Vol. 5 No. 8 (August, 1995) pp. 210
SECURING RELIGIOUS LIBERTY: PRINCIPLES FOR JUDICIAL
INTERPRETATION OF THE RELIGION CLAUSES by Jesse H. Choper.
Chicago: University of Chicago Press, 1995, Pp. 190. $24.95.
Reviewed by Barbara M. Yarnold, Florida International University
The author recognizes on repeated occasions that the U.S. Supreme
Court is comprised of highly subjective decision makers, and that
the decisions of the Court, particularly in religious freedoms
cases, tend to be molded not by legal standards but by the
personal biases of individual justices. The principles he
provides in the book are intended to "provide judges with
intelligible guidelines for the exercise of discretion and
judgment that inheres in constitutional decision making and
should be designed to limit, as much as practicable, the
intuitive tendency of these judges, acting in good faith, to
bring their personal predilections to bear on the issues that
come before them." (p. 1). He proposes his four principles
-- the main portion of the book -- to replace the subjective
decision making currently engaged in by the U.S. Supreme Court.

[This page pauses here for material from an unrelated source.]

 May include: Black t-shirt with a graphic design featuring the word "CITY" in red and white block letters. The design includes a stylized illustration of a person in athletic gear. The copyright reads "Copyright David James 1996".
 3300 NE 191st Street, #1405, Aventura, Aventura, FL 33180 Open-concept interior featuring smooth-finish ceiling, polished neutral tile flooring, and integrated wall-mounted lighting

Given the explicit acknowledgment by the author that the Supreme
Court is a subjective decision maker, this book at first glance
wold seem to be an exercise in futility. Does one anticipate that
the members of the U.S. Supreme Court, who have continuously
operated in an environment of vague or conflicting legal
standards and who, one might add, are probably not altogether
disturbed by this fact, to adopt four legal principles to guide
them in these cases? Instead, the Justices of the Supreme Court,
to varying degrees depending upon their individual values and
preferences, may in fact feel quite comfortable in an environment
which places so few legal constraints upon their decision making.

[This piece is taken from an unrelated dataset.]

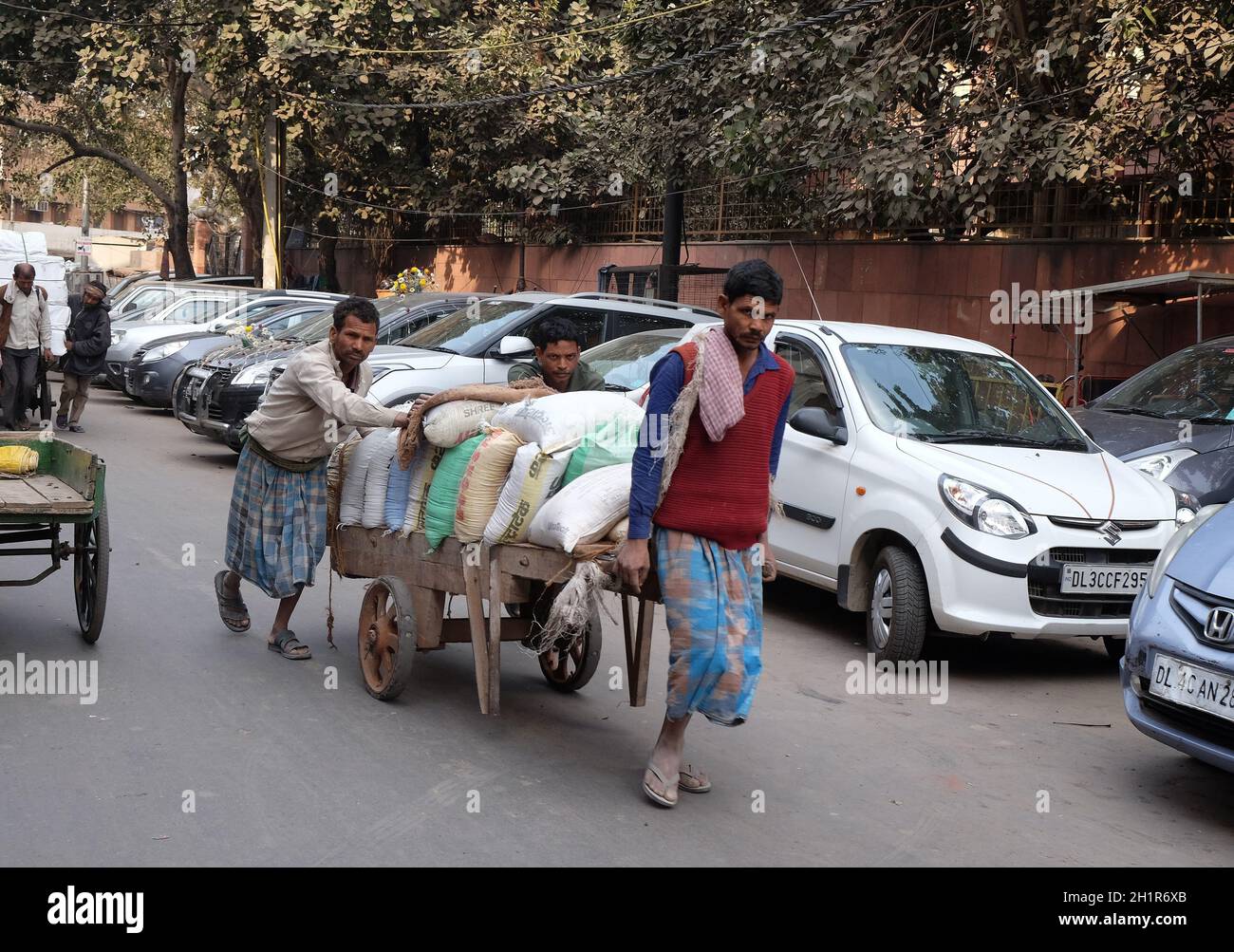 Gli indiani che lavorano duramente spingono carichi pesanti attraverso le strade di Delhi, India Foto Stock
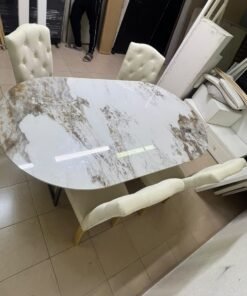 An oval dining table with a marble-patterned ceramic top, surrounded by four chairs upholstered in light beige fabric and featuring button-tufted backrests. - Image 6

Few legal restraints translate into high levels of discretionary
authority. As a result, it is highly unlikely that the U.S.
Supreme Court will adopt Choper's four principles, however, they
may be hotly debated in law schools and among law professors who
are still influenced by the belief that courts are or should be
objective decision makers, constrained by the law.
With regard to the text itself, it does a reasonable job of
formulating four principles for cases which deal with religious
liberty. Before this however, quite useful is Choper's comment
that history or the intention of the Founding Fathers does not
give one much guidance in adjudicating cases involving religious
liberty, since many of the issues that currently arise occur in
the context of public schools, which were not even in existence
at the time that the Founders were crafting the Constitution and
its amendments. With regard to free exercise cases, he collapses
these cases into establishment cases, arguing that they have a
common underlying element, namely one's freedom to practice (or
not) one's religion. His analogy between equal protection and
religious freedom cases is quite provocative, as well as his
suggestion that government regulations which affect religion
should meet the strict scrutiny standard.
The four principles fall into the category of deliberate
disadvantage, burdensome effect, intentional effect, and
independent impact principle, and he suggests appropriate
standards for dealing with each of these four areas. The book is
well-written, but it does suffer from the usual fatigue
associated with doctrinal analysis of court cases.